Ich und Selbst: Konstruktionen und Behandlungskonzepte by Marie-Luise Althoff

Ich und Selbst: Konstruktionen und Behandlungskonzepte by Marie-Luise Althoff

Autor:Marie-Luise Althoff
Die sprache: deu
Format: epub
ISBN: 9783662565445
Herausgeber: Springer Berlin Heidelberg


Das Ich ist ebenfalls als soziale Konstruktion aufzufassen (vgl. Prinz 2004b, S. 24).
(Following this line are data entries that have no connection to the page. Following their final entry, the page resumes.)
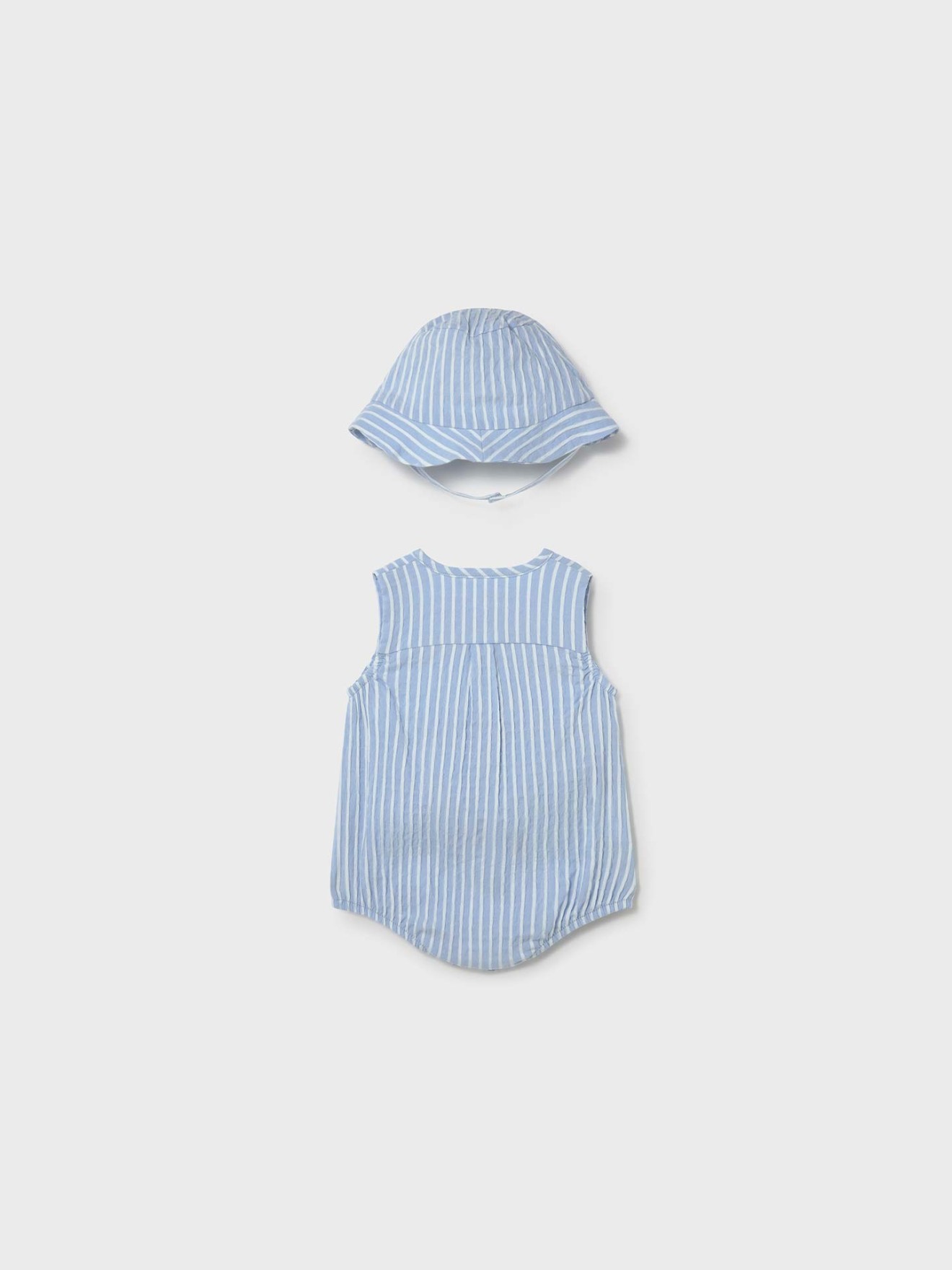 Conjunto com Fato e Chapéu
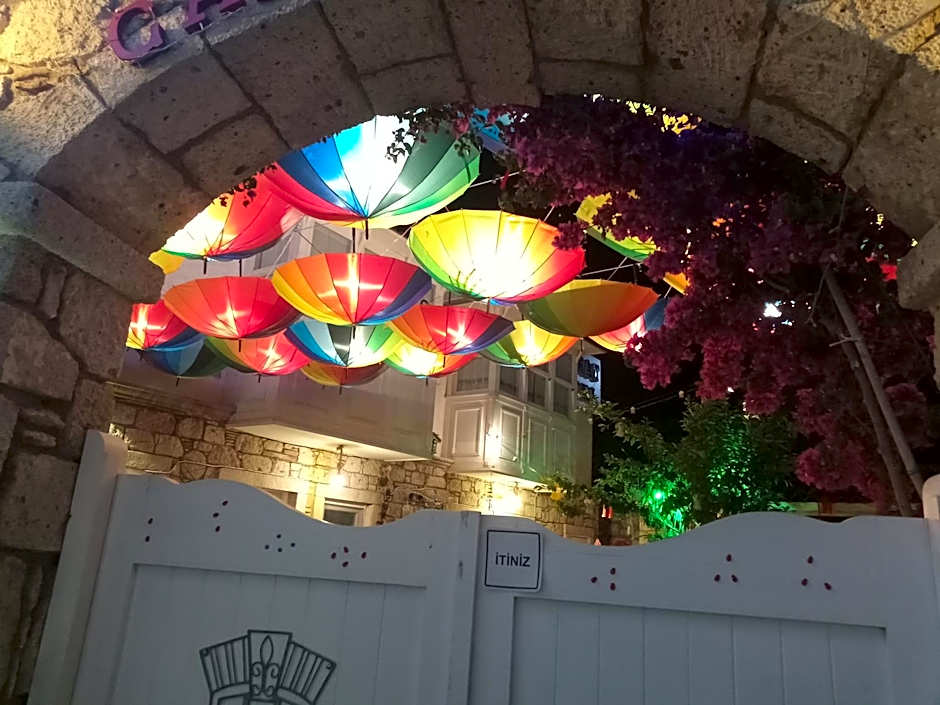 Monat Otel Alaçatı
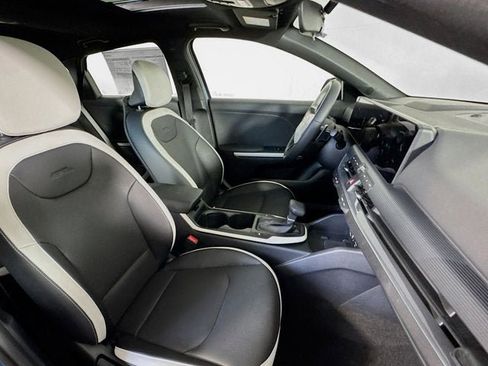 New 2025 Kia K4 GT-Line w/ GT-Line Premium Package image 29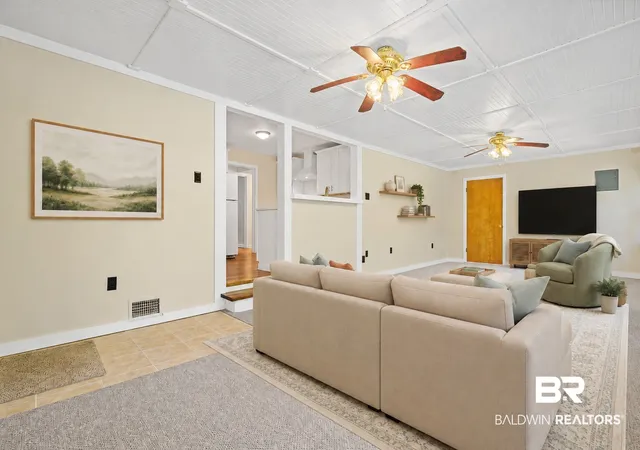 Photo 3 of Single family home for sale at 4904 Mercedes Rd, Mobile, AL 36618 | MLS# 410141 | Listing updated on 2026-09-09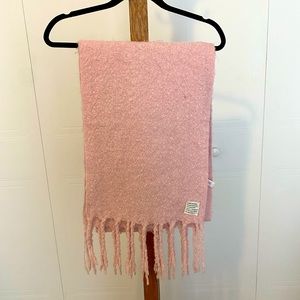 Cozy oversized pink scarf. Frank and Oak.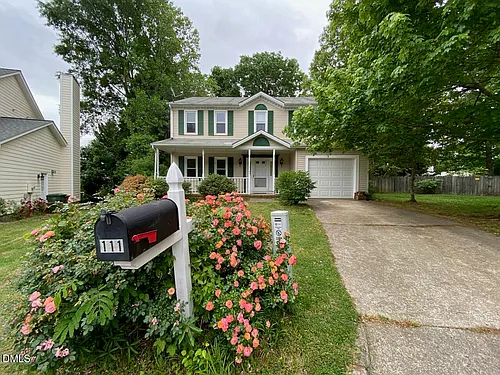 111 Westwind Ct Photo 1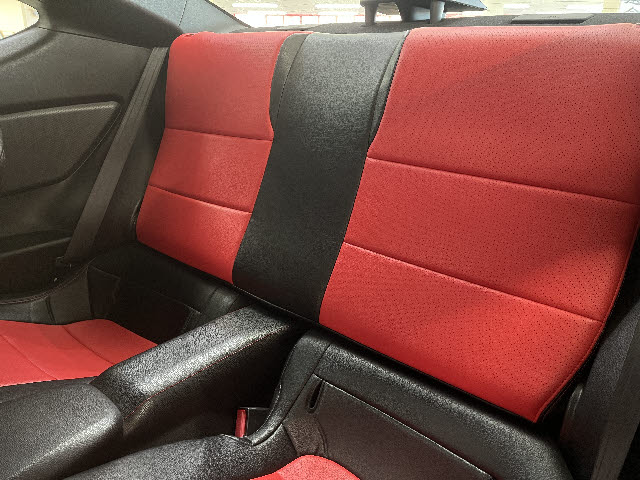 ８６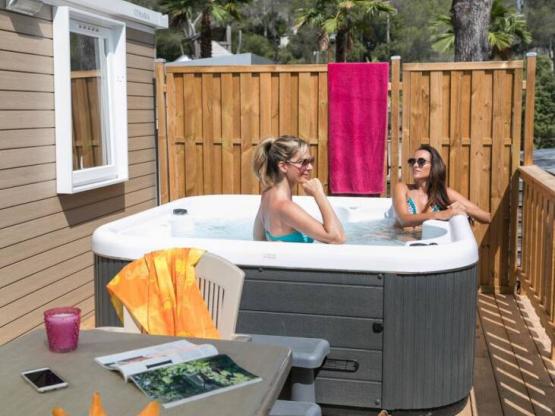 Cottage Zen Luxe - 2 chambres - climatisation, TV, spa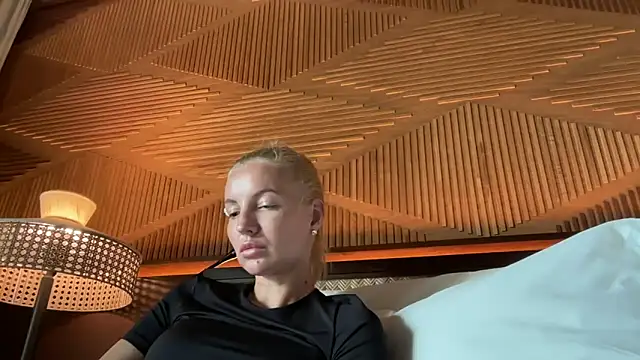 Snapshot of aestetick chatting on November 30, 4:27 am aestetick online show from November 30, 4:27 am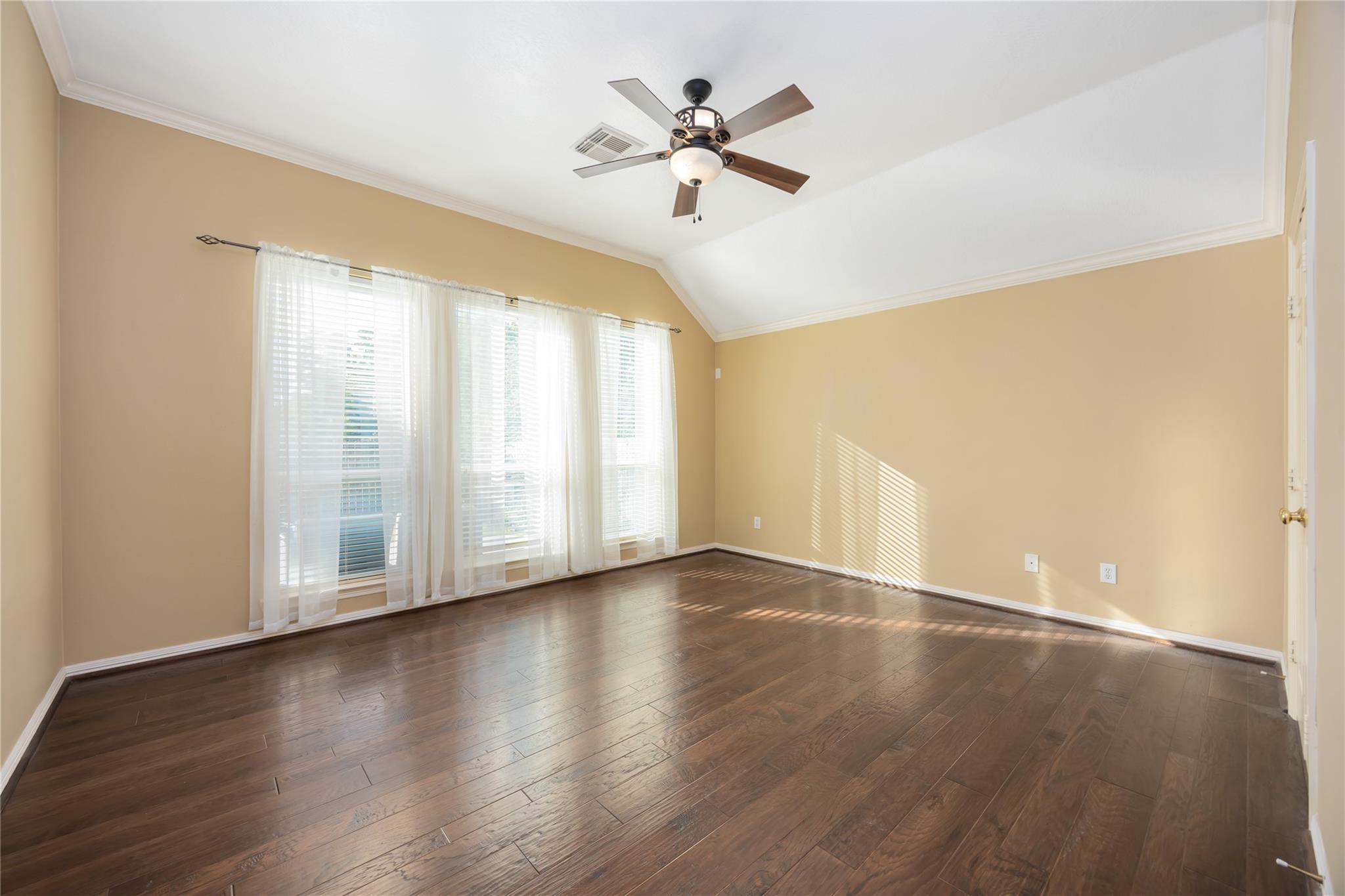 25619 Myrtle Springs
Bio- psycho-soziales Modell

Diese Herangehensweise kann auch als eine bio-psycho-soziale eingestuft werden. Prinz vertritt die Auffassung, dass die Ausbildung von Bewusstsein an bestimmte neurobiologische Bedingungen als notwendige Voraussetzung gebunden ist. In Übereinstimmung mit Roth ist er überzeugt davon, dass diese Bedingungen jedoch nicht hinreichend sind, um die Ausbildung von Bewusstsein zu erklären. Seiner Meinung nach müssen für eine hinreichende Erklärung des Phänomens Bewusstsein die neurobiologischen Voraussetzungen und die gesellschaftlich-politischen Bedingungen veranschlagt werden.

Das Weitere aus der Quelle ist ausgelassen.